After a discussion with [Raoul] Vaneigem, we have reached the following conclusions on several of the points you have raised.
-- You are obviously correct in your evaluation of the consequences of the distribution of the Moles[1] correspondence (Moles will not be pleased, no doubt, and I am the only one responsible[2] to whom he could, rashly, complain). Can we envision the distribution of the text – which would also be a kind of demonstration – without the participation of of Béchir?[3] This in case Béchir only formulates the objections that you’d mentioned and none weightier (such as I’d envisioned). Of course, it will be necessary that this gesture [made] without Béchir doesn’t appear to him to have been made against him. In other words, this quite marginal affair doesn’t merit re-launching a polemic or the suspicions that you’ve tried to leave behind.
-- As for the Arab world, it seems to us that the first point of vast work to be undertaken must be a critique of Benbellism[4] – which could possibly be distributed in Arabic. If the Congolese furnish us with enough direct information, we think we will make a pamphlet[5] about the civil war in the Congo (the nature of power in Stanleyville during the last few months, etc.). Under the heading “The external supports of the Congolese rebellion,” we think that Ben Bella has top billing, and here these works could come together.
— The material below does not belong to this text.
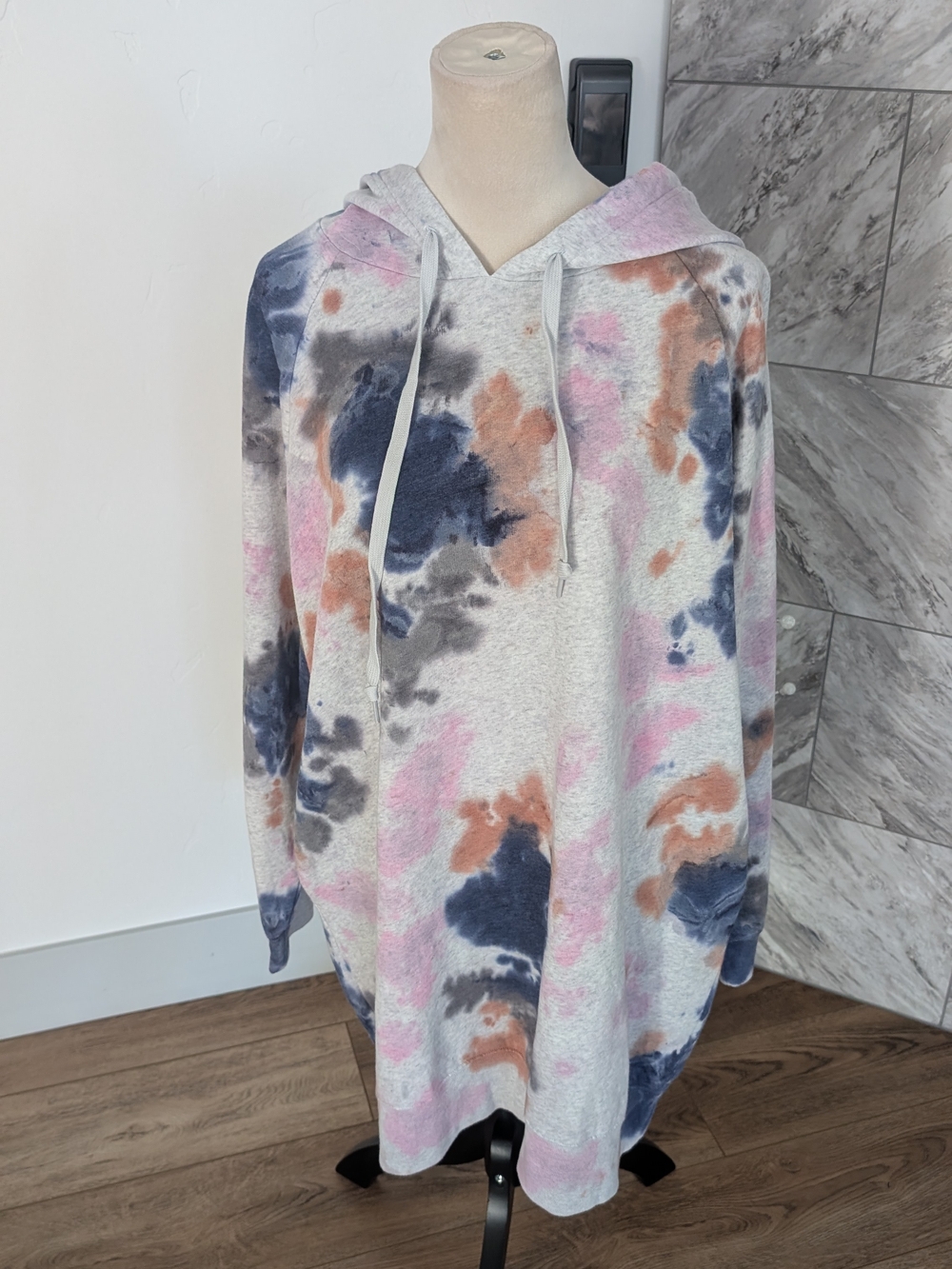 PINK Victoria's Secret Tie-Dye Pullover Hoodie in Pink, Navy & Rust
Inside Algeria, Ben Bella, like [Charles] de Galle, covers for the existing balance: he hasn’t sought this or that stage of the balance, but power (and the description of this fragile balance is difficult and complex). On the other hand, in other countries, it is easy to see Ben Bella’s function: the myth of a revolutionary foreign policy, in the name of which all the rest has to be pardoned. No example better ruins this imposture than the Summer of 64 in the Congo.[6]
We are of the opinion that your basic propositions to the group Perspectives[7] are sufficiently clear (and in fact unacceptable to it) and place the problem on its true terrain.
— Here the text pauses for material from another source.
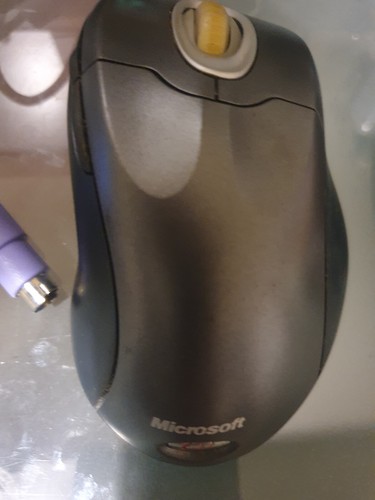 Microsoft 5 Button Intellimouse Explorer 2.0 Wireless & Receiver - Picture 2 of 10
It would be very good to make a “montage” of annotated texts from Internationale Situationniste that you envision, as a preface to a translation. Indicate your choices when you have decided.
Charges have been filed against us in Scandinavia by the Moral Rearmament Group, accusing our tracts, Spanish and otherwise, of pornography because there are naked women.[8] This has elicited a great shock in the press.
Best wishes,P.S. Thanks for the article – already seen – by Fugler. He is indeed a cretin. We will only respond with a few words in the journal[9] about this old nonsense about an absolute distinction [between] “work and culture.”
[1] Translator: cf. letter dated 1 December 1964.
[2] Translator: as the legally registered publisher of Internationale Situationniste.
[3] Bechir Tlili, a Tunisian student in Strasbourg. [Cf. letter dated 15 April 1964.]
[4] Translator: cf. “Address to Revolutionaries of Algeria and All Other Countries,” December 1965.
[5] Translator: cf. “Conditions of the Congolese Revolutionary Movement,” written July 1966.
[6] Reprise of revolts and the formation of a coalition government.
[7] A group of leftist Maghreb students.
[8] Cf. Guy Debord, Oeuvres, Gallimard, 2006, pp. 675-677. [In 1964, the SI published a series of detourned erotic photos with slogans written in Spanish.]
[9] I.S. #10, p. 67: “How Not to Understand the SI.”
(Published in Guy Debord Correspondance, Vol "0": Septembre 1951 - Juillet 1957: Complete des "lettres retrouvees" et d l'index general des noms cites by Librairie Artheme Fayard, October 2010. Translated from the French by NOT BORED! March 2011. Footnotes by the publisher, except where noted.)